Apparently the ambuguity has been corrected.
WASHINGTON — If you can't beat them, join them.
After nearly a year battling President Barack Obama and congressional Democrats over the health care overhaul, the insurance industry says it won't block the administration's efforts to fix a potentially embarrassing glitch in the new law.
In a letter to Health and Human Services Secretary Kathleen Sebelius, the industry's top lobbyist said Monday insurers will accept new regulations to dispel uncertainty over a much-publicized guarantee that children with medical problems can get coverage starting this year.

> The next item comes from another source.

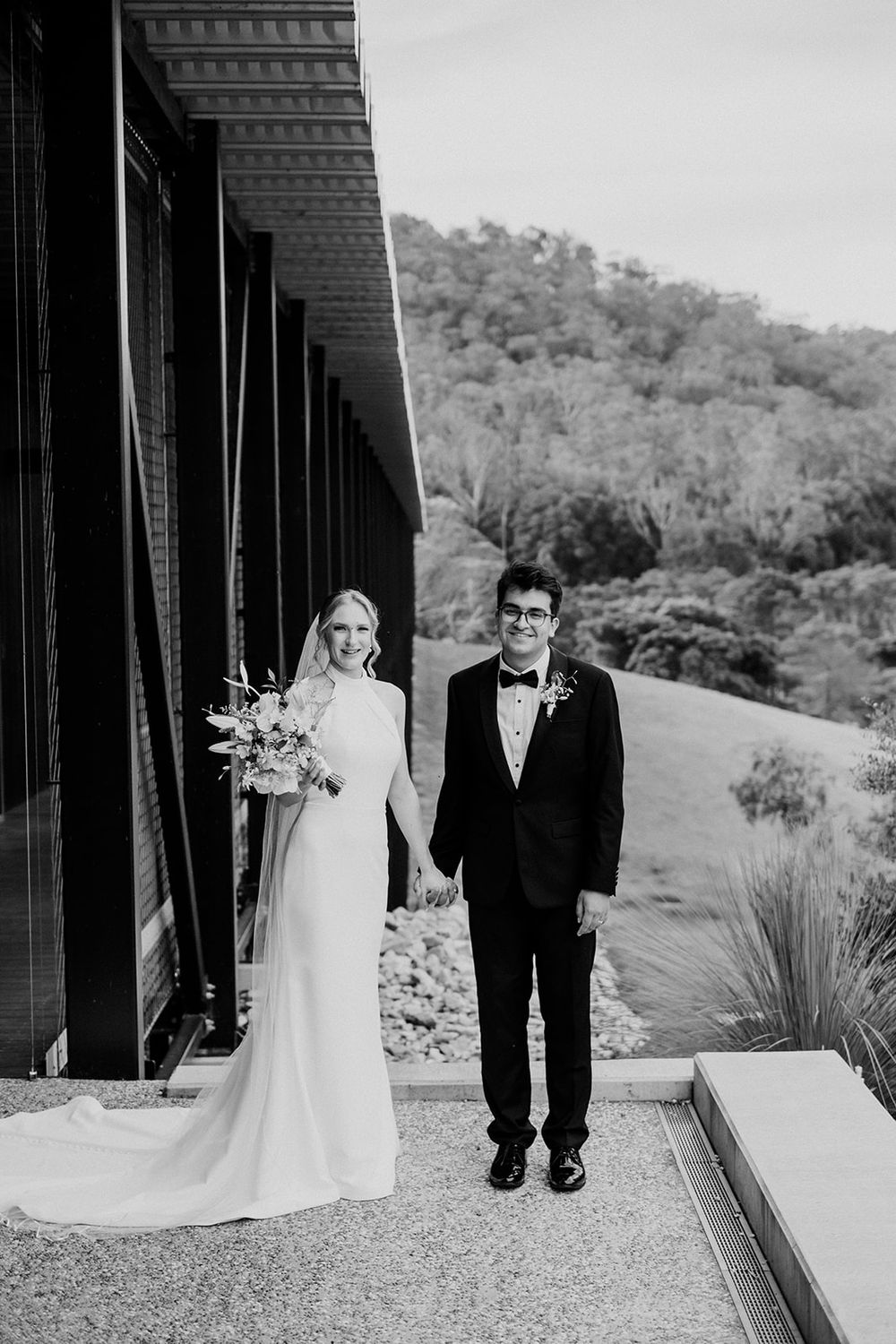 Black and white wedding photo showing couple standing together on patio with scenic hillside backdrop.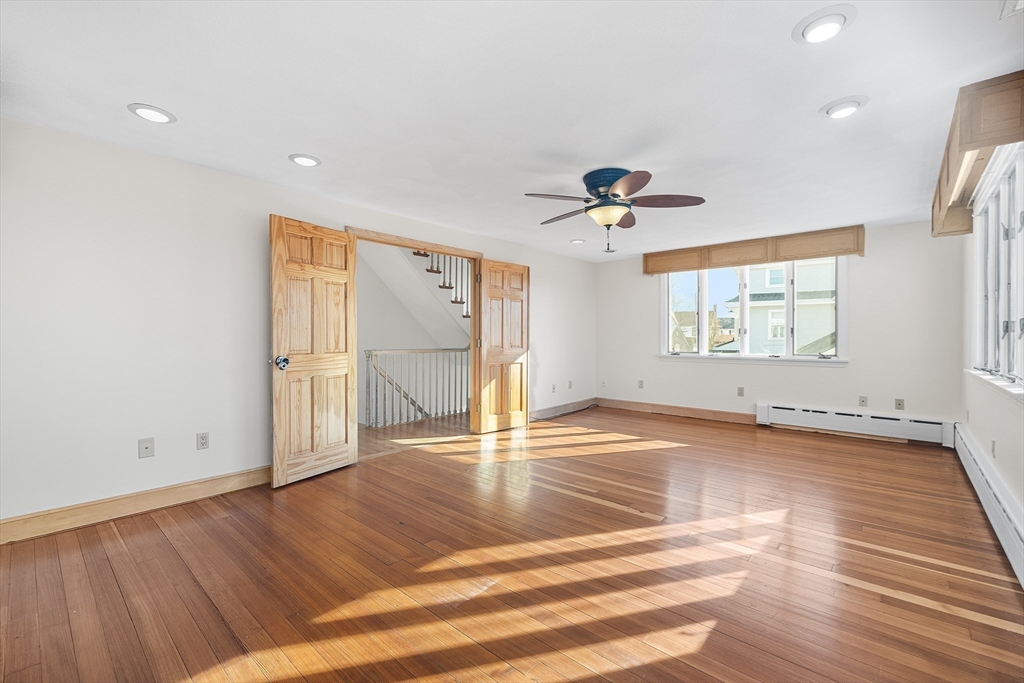 19 Johnson Avenue Winthrop, MA 02152 - Photo 22 of 42 a view of an empty room with a window and wooden floor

Quick resolution of the doubts was a win for Obama — and a sign that the industry has no stomach for another war of words with a president who deftly used double-digit rate hikes by the companies to revive his sweeping health care legislation from near collapse in Congress.
"Health plans recognize the significant hardship that a family faces when they are unable to obtain coverage for a child with a pre-existing condition," Karen Ignagni, president of America's Health Insurance Plans, said in a letter to Sebelius. Ignagni said that the industry will "fully comply" with the regulations, expected within weeks.
The industry still has plenty of other objections to the new health care law, including concerns that it will raise premiums and skepticism that it will achieve its stated aim of covering 95 percent of eligible Americans.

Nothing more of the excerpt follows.